# The Best Mountain Bike Shorts of 2020



## pivotguy1 (Mar 26, 2016)

What about the Zoic Ether shorts? been wearing them for years and they have held up great. nice fit and don't hang up when off the saddle.


----------



## Josh_Patterson (Sep 9, 2019)

Russ,

Thank you for your feedback. We'll have to test them as well.


----------



## philly_rider (Aug 20, 2014)

Back in the 90's I had Nema Jewel shorts. My all time favorite. The next iteration was the Crown Jewel but they just were not as good, a little over thinking with unnecessary extra stuff.
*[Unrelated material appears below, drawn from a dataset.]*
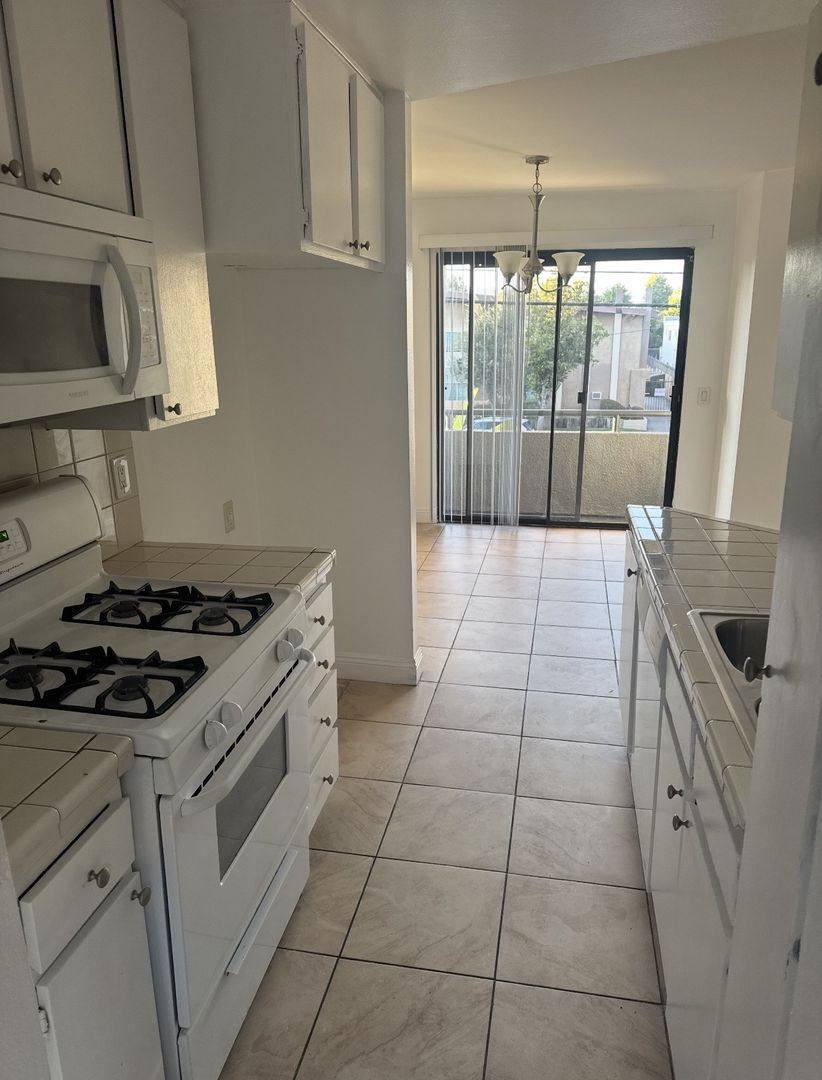 Apartment for rent at 18630 Burbank Blvd, Tarzana, CA 91356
Keep it simple. Currently have Smartwool Betasso shorts which are still going strong since 2011! Not too baggy, but not "painted on" either.


----------



## ET_SoCal (Jul 1, 2003)

Would be nice to know which shorts DO have the chamois sewn into the shell.
I've tried a few of this new style and for me and it's not that the "liner doesn't shift" but the outer shell does. Becasue of this Nema (Crown) Jewels are also my all time favorite


----------



## The_Yeti1 (Jul 29, 2020)

What about Club Ride shorts? They have the best style and function.


----------



## Alan_Loken (Jul 30, 2020)

Have to agree with Russ. I own 3 pairs of Zoics. Love the pockets and the fact that the liners are separate. Plus when you order from REI, you get member points.


----------



## Mick-e (Apr 23, 2017)

So far Tasco are the best shorts I've had. 
https://www.tasco-mtb.com/pages/shorts
I'm interested in the Velocio's but not until I wear something out.


----------



## Mitter (Jul 30, 2020)

You missed 7 mesh and club NF from Squamish and Vancouver respectively.

7 mesh - slab shorts 
NF - invader shorts

Wooo is all I can say!


----------



## Doug10 (Jul 30, 2020)

Another Nema Jewel fan here. I still have a pair. What ever happened to them? I moved on to Hoss shorts, but they're apparently out of business now. I've tried the Zoic Ethers and the leg openings are a but tight for me. I'm not sure what I'd buy right now if I needed a pair. I suppose I'd have to give one of these a try.


----------



## Andy_K1 (Jul 31, 2020)

Know anyone who makes short-legged MTB shorts? A mid-thigh or less with a chamois.
I have plenty of separate shell type that are simply too long and hot so I'm forced to ride in Lycra during the summer months. All I see are long (or longer) legged "shorts". More like shants.


----------



## urmb1 (Jun 25, 2020)

$140 to 170+!! Excellent shorts that work for all types of riding and last several years can be had for much less. I ride 3-6 times per week and have 10 pair of shorts. Maybe these are required for 5k + bikes. ?


----------



## Chris_J (May 26, 2020)

It's fine to talk about the exterior short which is important to function, comfort and style. But what really matters is the inner short/chamois for ultimate comfort. 
I wish these reviews would focus more on the inner short reviews.


----------



## JF2 (Aug 2, 2020)

Hey Andy, check out 7mesh's farside short.


----------



## Josh_Patterson (Sep 9, 2019)

Chris J, the reality is that the vast majority of liner shorts that come with mountain bike shorts are next to worthless. The reason they are included with some shorts has to do with lower tariff duties. Most high-end shorts don't include liners. (The exception on this list is the Pearl iZUMi Elevate short, which does have a very good liner.)


----------



## Paul_Cherry (Feb 5, 2020)

regarding the question on how to get short-legged MTB shorts, check out Zoic Ether 9" shorts. have a pair and fit great.


----------



## wildmedvt (Nov 19, 2008)

The first paragraph made me think immediately of ElevenPine bike shorts, which I LOVE. Baggies with a size zipper and vent to narrow them down for riding and cut down on catching on stuff, but very comfy unzipped for casual wear. They come by themselves or with a pretty decent chamois. Small company, unique design. My favorite shorts!


----------



## wildmedvt (Nov 19, 2008)

Oops side not size.


----------



## Schril (Oct 28, 2010)

I would like to give props to both Voler (made in USA) and Stio. For shorts without a built in belt, GRIP 6 belts (also made in USA) work great.


----------



## metalskool (Feb 6, 2019)

Agreeed- Zoic are my fave short & liner combo!


----------



## bike4now (Feb 3, 2007)

Interesting that Zoic is not on this list. Hands down the best mtb shorts I've ever owned in decades of riding.


----------